I relatori. Gli incontri, promossi da Confindustria Umbria in collaborazione con Abi Umbria e gli Ordini dei dottori commercialisti e degli esperti contabili delle province di Perugia e Terni, hanno ospitato relatori di rilievo come Alberto Dello Strologo, docente di economia aziendale dell’Università ‘La Sapienza’ di Roma, Marco Venuti, technical principal e responsabile delle attività ricerca dell’Oic (Organismo italiano di contabilità), Michele Procida, socio dello studio legale tributario Santacroce & associati di Roma, Loris Nadotti, docente di economia degli intermediari finanziari dell’Università degli Studi di Perugia, Luca Giannini dell’Ufficio tributario, bilancio e vigilanza dell’Abi e Pietro Buzzi, presidente della Commissione regionale Umbria dell’Abi. Ad aprire i lavori, moderati da Mariano Spigarelli, consulente area fiscale e tributaria di Confindustria Umbria, sono stati Silvio Pascolini, consigliere delegato per credito e finanza di Confindustria Umbria, Carmelo Campagna e Andrea Nasini, presidenti dell’Ordine dei commercialisti rispettivamente di Terni e Perugia.

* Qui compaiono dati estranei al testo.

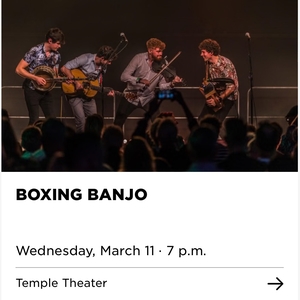 Boxing Banjo Des Moines Tickets, Temple Theater Mar 11, 2026 | Bandsintown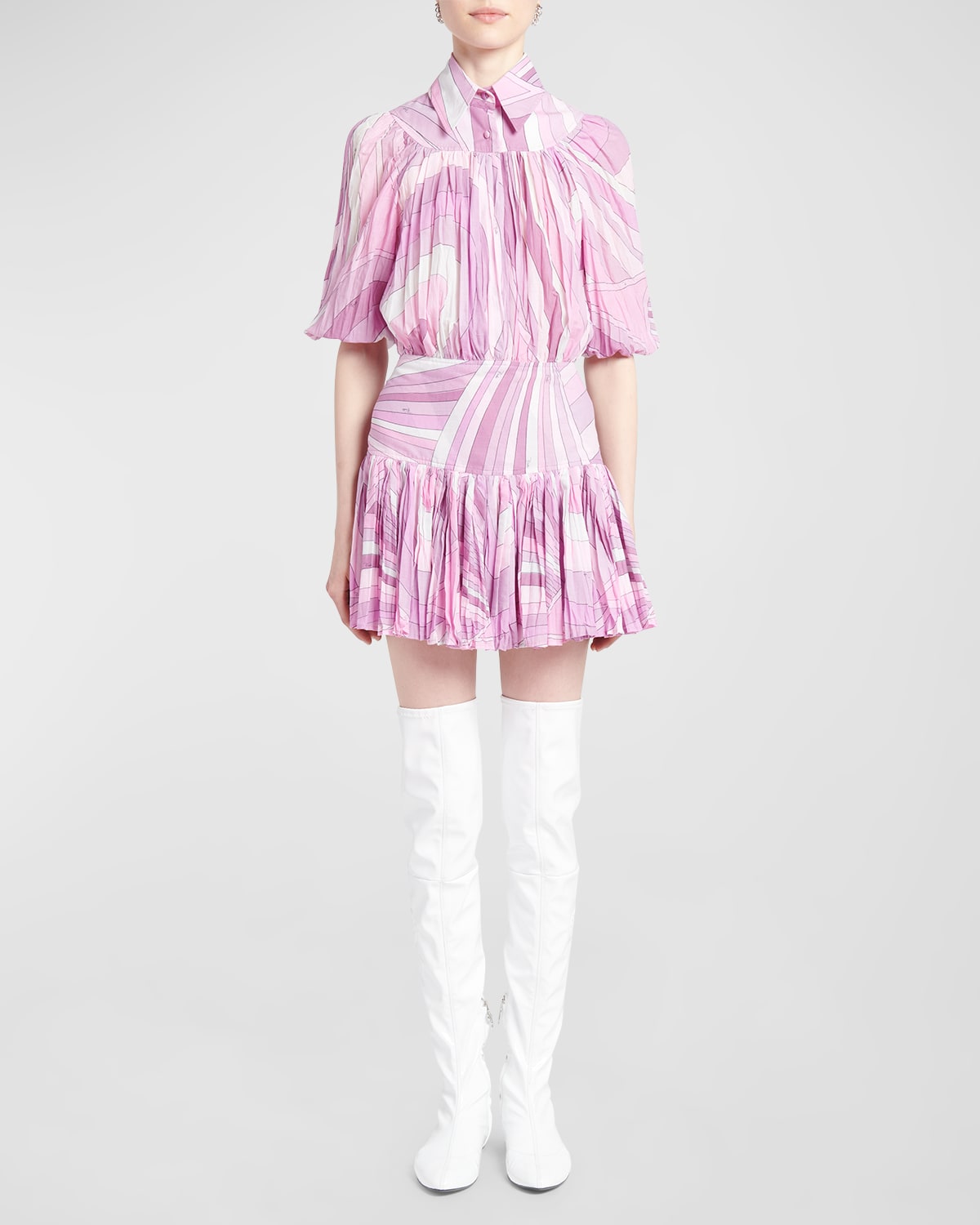 Shop Emilio Pucci Abstract-print Pleated Puff-sleeve Mini Shirtdress In Peonia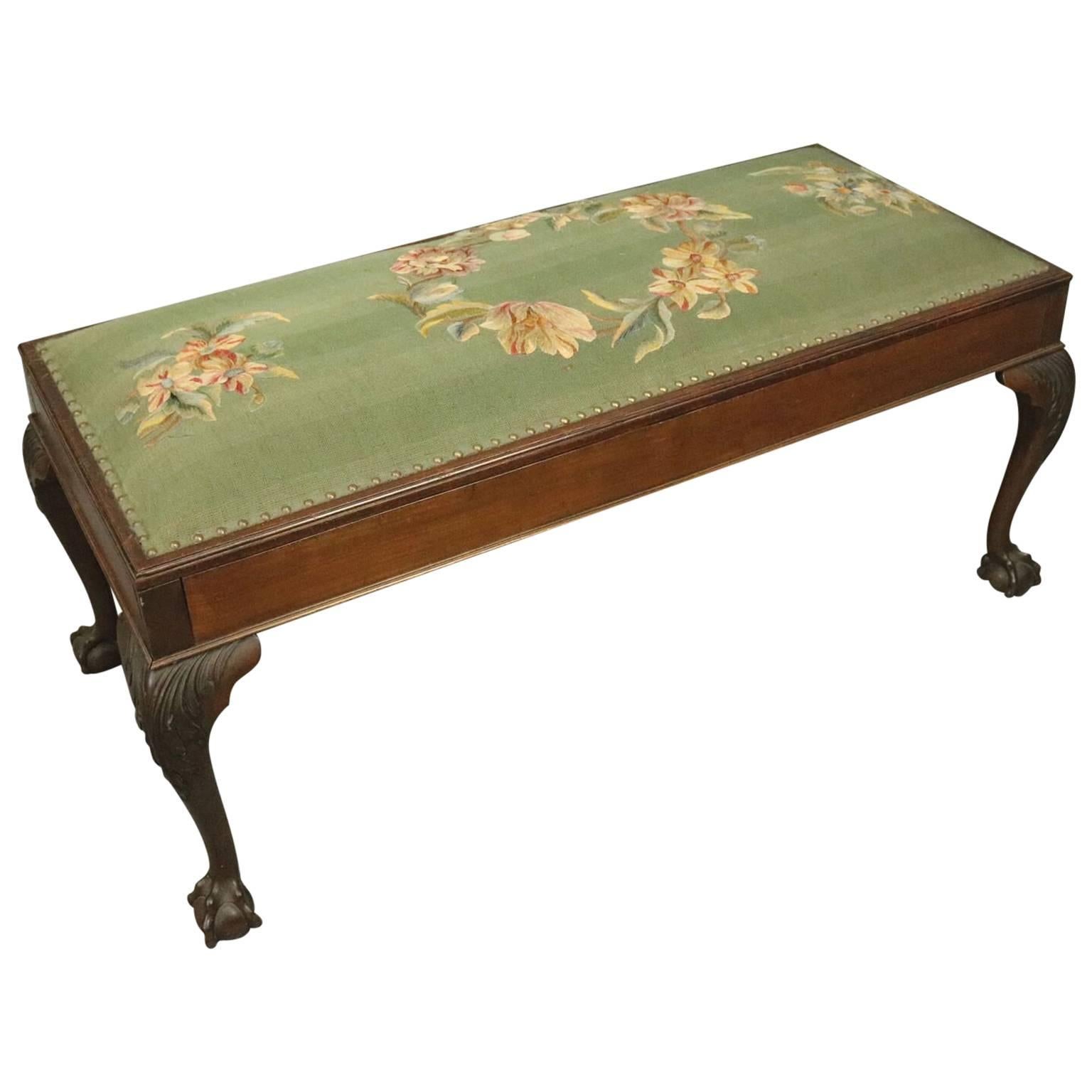 Chippendale Style Mahogany Lift Top Lang Bench with Needlepoint Seat, circa 1930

Il ruolo dei dottori commercialisti. “Registro con soddisfazione, per la prima volta – ha commentato Campagna –, una connessione di interessi tra Confindustria, i nostri ordini e l’Abi, quest’ultima in rappresentanza di un sistema bancario sempre più fondamentale per le imprese e per la tenuta del loro sistema d’investimenti. Noi dottori commercialisti siamo l’anello di congiunzione tra attività di sviluppo delle aziende e mondo del credito: siamo i professionisti che assistono le imprese nei momenti di crescita ma anche nelle difficoltà e alcuni di noi sono membri dei consigli di amministrazione e dei collegi sindacali di alcune banche”. “In questo senso, in un momento così difficile per l’economia – ha aggiunto Nasini –, il dottore commercialista assume quasi un ruolo sociale. Quella su cui ci stiamo confrontando oggi è una riforma dei principi contabili quasi epocale, che porta a un avvicinamento ai principi internazionali. La necessità è di verificare gli impatti che questi cambiamenti potrebbero produrre rispetto alla concessione del credito alle imprese”.

Nella fase di studio. “Siamo ancora in una fase di studio – ha spiegato Buzzi – per cui è difficile quantificare le ricadute in termini di rating, su come, cioè, queste nuove regole contabili potrebbero influenzare i comportamenti delle aziende nel chiedere interventi creditizi e delle banche nel concederli. In una rivoluzione normativa come questa, il puzzle si compone di una serie di tasselli che non vanno tutti apposto nello stesso momento. Per cui, le norme fiscali ancora in corso di armonizzazione e gli algoritmi preposti al calcolo del rating potrebbero subire delle modifiche in funzione dei comportamenti che si vanno delineando”.

Gli incontri di Confindustria. In quest’ottica, nell’idea dei promotori, le iniziative di Perugia e Terni dovrebbero essere soltanto le prime di una serie volta a far luce il più possibile sull’argomento. “Confindustria – ha affermato Pascolini – sta portando avanti un programma di incontri formativi su vari temi. Questi appuntamenti hanno l’obiettivo di supportare gli imprenditori nelle loro scelte aziendali affinché siano il più possibile ponderate e valutate con la consapevolezza del mutamento degli scenari economici e finanziari”.